##### Exercise material
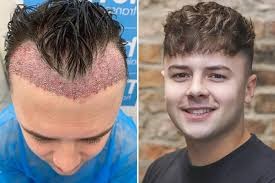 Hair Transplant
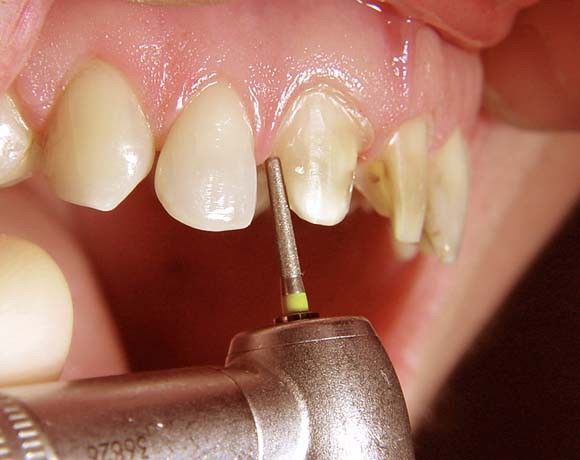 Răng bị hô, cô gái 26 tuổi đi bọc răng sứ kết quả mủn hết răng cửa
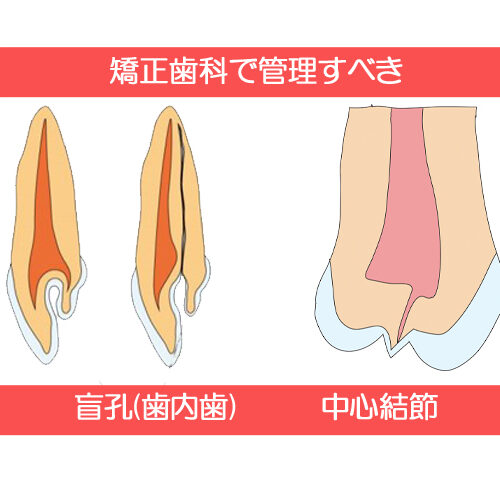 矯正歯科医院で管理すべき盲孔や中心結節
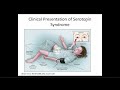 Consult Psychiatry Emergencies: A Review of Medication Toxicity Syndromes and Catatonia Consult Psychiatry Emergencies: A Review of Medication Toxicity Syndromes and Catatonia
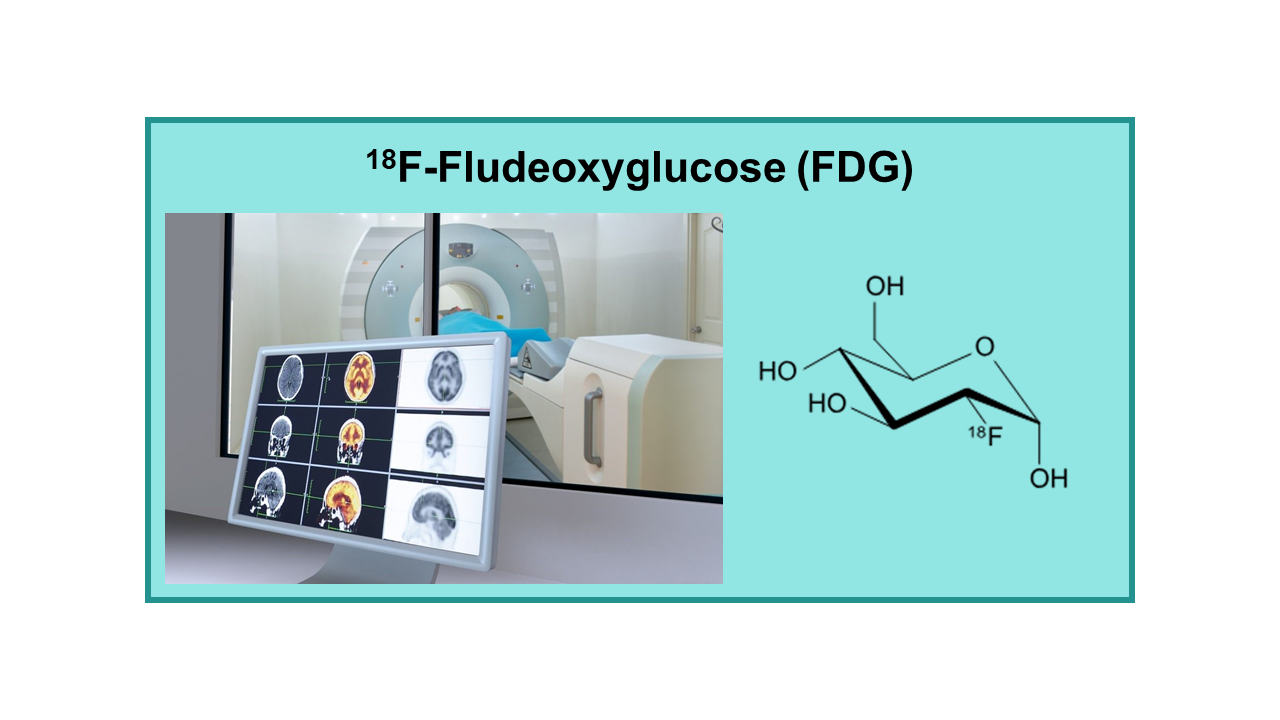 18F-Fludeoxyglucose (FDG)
##########
* **What to produce**
An exact copy of every entry above is needed, with the pictures left out.

* **Answer to the problem**
 Hair Transplant
 Răng bị hô, cô gái 26 tuổi đi bọc răng sứ kết quả mủn hết răng cửa
 矯正歯科医院で管理すべき盲孔や中心結節
 Consult Psychiatry Emergencies: A Review of Medication Toxicity Syndromes and Catatonia Consult Psychiatry Emergencies: A Review of Medication Toxicity Syndromes and Catatonia
 18F-Fludeoxyglucose (FDG)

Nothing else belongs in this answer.